The property relations between spouses vary due to the different type of assets, the manner and time they were acquired, the percentage of each spouse’s contribution and in whose name the assets are registered. The term “property relations” of spouses who are separated means their relations regarding movable and immovable property acquired with the prospect of marriage or at any time during the marriage by either of them. “Contribution” means any form of contribution by the spouses or the creation of property and includes the care of the family home and the family members. The Supreme Court in a judgment issued on 2.11.2017 set aside the judgment of the Family Court stating that it provides for the possibility to verify whether the spouses’ statements and material provided in their affidavits are correct. For this purpose, the affiants are summoned to be examined on a date the court will fix before the hearing of the case so that the only issue to be heard will be the assessment of the contribution of each spouse on the basis of the increase of the property which constitutes the object of sharing.

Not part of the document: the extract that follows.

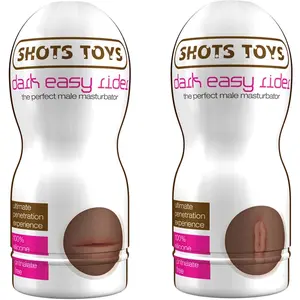 Comparateur de prix : Shots Toys Masturbateur Dark Easy Rider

The Supreme Court referred to case law and stated the following passage: “The obligation under article 14A burdens both litigants equally, without any discrimination. The law establishes full procedural equality. None of the litigants is placed in a disadvantageous position towards the other. Furthermore, the understanding is wrong that this procedure imposes an obligation to disclose evidence to the opponent. This provision is not related to proving the dispute in issue. The knowledge of the litigants’ assets at the material time constitutes a prerequisite for the application of the essential provisions of the law. The disclosure of the assets is the commencement of the procedure.
This provision aims at ensuring the state of affairs regarding the assets of the spouses so that justice will be done. Therefore, it refers to the one who knows the situation better than the other and it imposes an obligation upon him for disclosure, which must not be untrue, imprecise or incomplete. In any event, he is not put in a disadvantageous position towards the other by filing an affidavit for disclosure before the trial”. The Supreme Court held that in the absence of any findings by the Family Court for the wife’ contribution in the increase of the husband’s property, an issue was raised whether the case should be tried. However, due to the long time passed, the Supreme Court exercised its legislative authority and issued an order awarding the wife her contribution which was equal to 1/3 in accordance with the presumption of the law, taking into consideration her indirect contribution through caring for the family home and family members.